Mistral AI, a French artificial intelligence startup, officially launched its latest document content recognition model, OCR 4, on the 23rd of this month, making a significant impact in the field of optical character recognition. This compact and specialized model supports up to 170 languages across 10 language families, achieving a score of 93.07 in the authoritative benchmark test OmniDocBench, with output quality preferred by human evaluators over competitors such as GPT 5.5 Pro and Gemini 3.1 Pro Preview.

Compact yet comprehensive, covering multiple downstream tasks
OCR 4 is not focused on parameter size but is an efficient model specialized in document recognition.
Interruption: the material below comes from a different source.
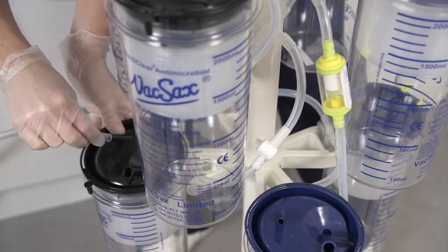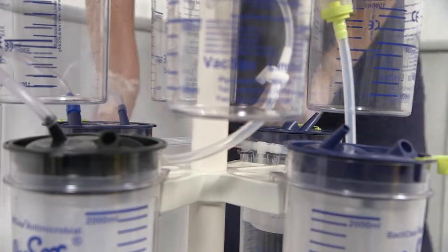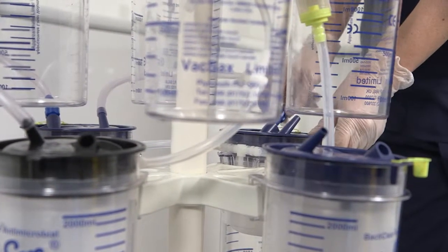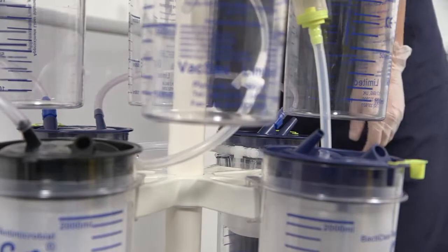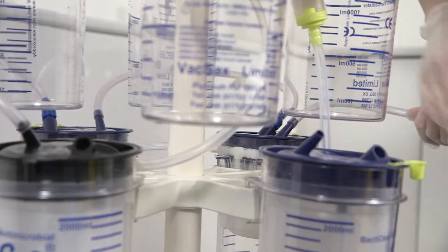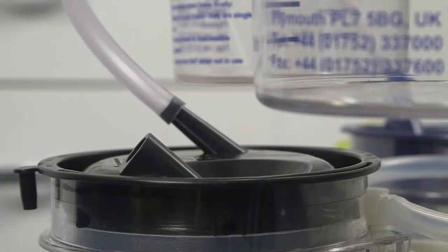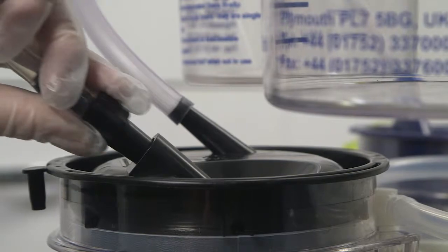Then, moving to the bottom canisters, do the same — working from the black lid liner, connect the blue cascade tubing as shown. Connect the black vacuum tapered connector to the bottom row black standard liner.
It provides not only recognized text output but also border positioning, area classification, and confidence scoring, which can support various downstream workloads such as RAG semantic chunking, intelligent agents' basic structured units, and connector structured content.
In terms of pricing, the basic API call for OCR 4 costs $4 per thousand pages, and a 50% discount is available when using batch processing; while the pricing for document AI is $5 per thousand pages.
Mistral AI, one of the most representative startups in the European AI field, has previously gained prominence in the global market with its dual strategy of open-source and closed-source models. The launch of OCR 4 further extends the company's capabilities from general large language models to the vertical sector of document intelligent processing, directly competing with giants like OpenAI and Google at the foundational tool level.